Aesthetics is what happens when our brains interact with content and go, “ooh pretty, give me more of that please.” Whether it’s a starry night or The Starry Night, the sound of a scenic seashore or the latest single from Megan Thee Stallion, understanding how the sensory experiences that scintillate us most deeply do so has spawned an entire branch of philosophy studying art, in all its forms, as well as how it is devised, produced and consumed. While what constitutes “good” art varies between people as much as what constitutes porn, the appreciation of life’s finer things is an intrinsically human endeavor (sorry, Suda) — or at least it was until we taught computers how to do it too.
The study of computational aesthetics seeks to quantify beauty as expressed in human creative endeavors, essentially using mathematical formulas and machine learning algorithms to appraise a specific piece based on existing criteria, reaching (hopefully) an equivalent opinion to that of a human performing the same inspection. This field was founded in the early 1930s when American mathematician George David Birkhoff devised his theory of aesthetics, M=O/C, where M is the aesthetic measure (think, a numerical score), O is order and C is complexity. Under this metric simple, orderly pieces would be ranked higher — i.e. be more aesthetically pleasing — than complex and chaotic scenes.
German philosopher Max Bense and French engineer Abraham Moles both, and independently, formalized Birkoff’s initial works into a reliable scientific method for gauging aesthetics in the 1950s. By the ’90s, the International Society for Mathematical and Computational Aesthetics had been founded and, over the past 30 years, the field has further evolved, spreading into AI and computer graphics, with an ultimate goal of developing computational systems capable of judging art with the same objectivity and sensitivity as humans, if not superior sensibilities. As such, these computer vision systems have found use in augmenting human appraisers’ judgements and automating rote image analysis similar to what we’re seeing in medical diagnostics, as well as grading video and photographs to help amateur shutterbugs improve their craft.

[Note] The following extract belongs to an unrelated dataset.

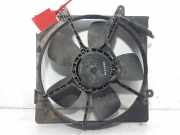 Kühlerventilator 0K55215025 Kia Carnival 2 (FIB/FLD) Großraumlimousine 2.9 HPDi 16V (J3(CRDI))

Recently, a team of researchers from Cornell University took a state of the art computational aesthetic system one step further, enabling the AI to not only determine the most pleasing picture in a given dataset, but capture new, original — and most importantly, good — shots on its own. They’ve dubbed it, AutoPhoto, its study was presented last fall at the International Conference on Intelligent Robots and Systems. This robo-photographer consists of three parts: the image evaluation algorithm, which evaluates a presented image and issues an aesthetic score; a Clearpath Jackal wheeled robot upon which the camera is affixed; and the AutoPhoto algorithm itself, which serves as a sort of firmware, translating the results from the image grading process into drive commands for the physical robot and effectively automating the optimized image capture process.
For its image evaluation algorithm, the Cornell team led by second year Masters student Hadi AlZayer, leveraged an existing learned aesthetic estimation model, which had been trained on a dataset of more than a million human-ranked photographs. AutoPhoto itself was virtually trained on dozens of 3D images of interior room scenes to spot the optimally composed angle before the team attached it to the Jackal.
When let loose in a building on campus, as you can see in the video above, the robot starts off with a slew of bad takes, but as the AutoPhoto algorithm gains its bearings, its shot selection steadily improves until the images rival those of local Zillow listings. On average it took about a dozen iterations to optimize each shot and the whole process takes just a few minutes to complete.
“You can essentially take incremental improvements to the current commands,” AlZayer told Engadget. “You can do it one step at a time, meaning you can formulate it as a reinforcement learning problem.” This way, the algorithm doesn’t have to conform to traditional heuristics like the rule of thirds because it already knows what people will like as it was taught to match the look and feel of the shots it takes with the highest-ranked pictures from its training data, AlZayer explained.
“The most challenging part was the fact there was no existing baseline number we were trying to improve,” AlZayer noted to the Cornell Press. “We had to define the entire process and the problem.”
Looking ahead, AlZayer hopes to adapt the AutoPhoto system for outdoor use, potentially swapping out the terrestrial Jackal for a UAV. “Simulating high quality realistic outdoor scenes is very hard,” AlZayer said, “just because it’s harder to perform reconstruction of a controlled scene.” To get around that issue, he and his team are currently investigating whether the AutoPhoto model can be trained on video or still images rather than 3D scenes.